Let’s trim the calendar to just three seasons

I was never a big fan of school, so my entire school year was a 180-day countdown to summer.

Sure, I liked Thanksgiving break, Christmas holidays and the 1-inch-of-snow shutdown, but summer meant no school for more than two months. That’s an eternity to a kid.

When I was a kid, I absolutely loved summer. It didn’t hurt that my next-door-neighbors had a pool in which I was welcome to jump anytime I wanted — which was just about every day of summer.

I rode my bike all around Oglethorpe, Georgia. I spent hours playing in Town Creek, which in hindsight was probably more of a poisonous sewage ditch and why I wasn’t allowed to play in it. I honed my storytelling skills by finding new ways to explain the mud on my shoes every day.

During summer we had all day to play basketball, football and baseball — unlike during the school year when we had to squeeze in games sometime between the final school bell and sunset.

To this kid, summer was everything. The other seasons had their moments — the county fair in fall, Christmas in winter and tennis season in the spring. But summer was the king of all seasons.

Even into my adulthood, I considered summer to be my favorite season. It’s when I’d go to the beach. It’s when I could wear shorts and show off my pretty legs. It’s when I could enjoy a cold one on the back porch while watching the Braves play.

Now, though, I’m done with summer. I don’t know if it’s because that Chinese climate change hoax has gotten out of hand, but the last few summers have been brutally hot. The average temperature in my backyard this summer has been roughly 147 degrees. I don’t remember melting as a child, but it seems to be happening now. Worse, my neighbors now don’t have pools, and I’d have to climb over their fences to jump in even if they did have pools.

There’s really no good way to deal with this kind of heat other than going down to the Quickie Mart and sitting in their “Beer Cave” for a few hours. I’m OK with that, but I do get tired of the workers asking me if I’m going to buy anything.

“I’m still looking.”

“Well, we have beer and beer.”

“Hmm, this is gonna be more complicated than I thought. See ya in an hour or two.”

At least this summer had the promise of killing the coronavirus. If I had a nickel for every time someone said, “They say it’s gonna go away with the heat,” I’d have at least $7.45. Not only did the virus not go away, but it got worse, and it’s about to get way worse. And I didn’t get a single nickel — probably due to the coin shortage.

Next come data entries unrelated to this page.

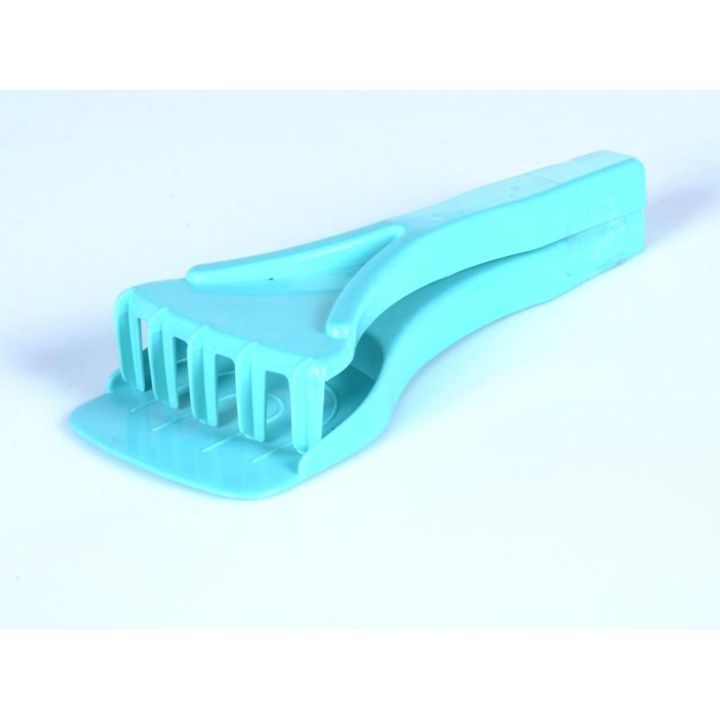 Łopatka z Grabkami w Zestawie dla Dzieci – Zabawa w piaskownicy i ogrodzie | Wytrzymałe narzędzia dla małych odkrywców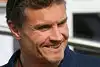 Bild zum Inhalt: Coulthard: "Ich möchte bei Red Bull Racing bleiben"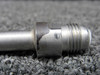 3075541-2 Oil Tube Assembly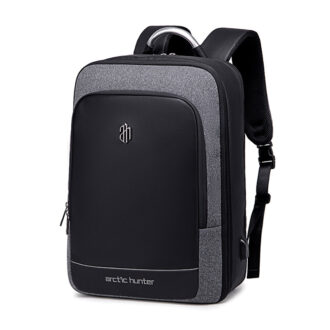 00227L-d.grey-side-1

I could move north. I used to think anything above LaGrange was “up north,” but it looks like I’ll have to go all the way to Canada to get away from the heat. Then again, Canada is not too keen on allowing Americans in right now, and I can’t say that I blame them. I could go to a northern state, but places like Vermont probably don’t even have barbecue. They just sit around eating maple syrup and Ben and Jerry’s ice cream.

An easier solution would be to have the U.S. government eliminate summer and go to a three-season calendar. We could go straight from four months of spring to four months of fall. My birthday is on the last day of spring anyway, so there’s really nothing to look forward to through the ensuing summer. And just imagine the savings on air-conditioning bills.

This summer — this pandemic-infested, record-hurricaning, murder-hornetized summer — is time to end this season once and for all. If we can ban Tik Tok, we can get rid of summer. See y’all in the fall!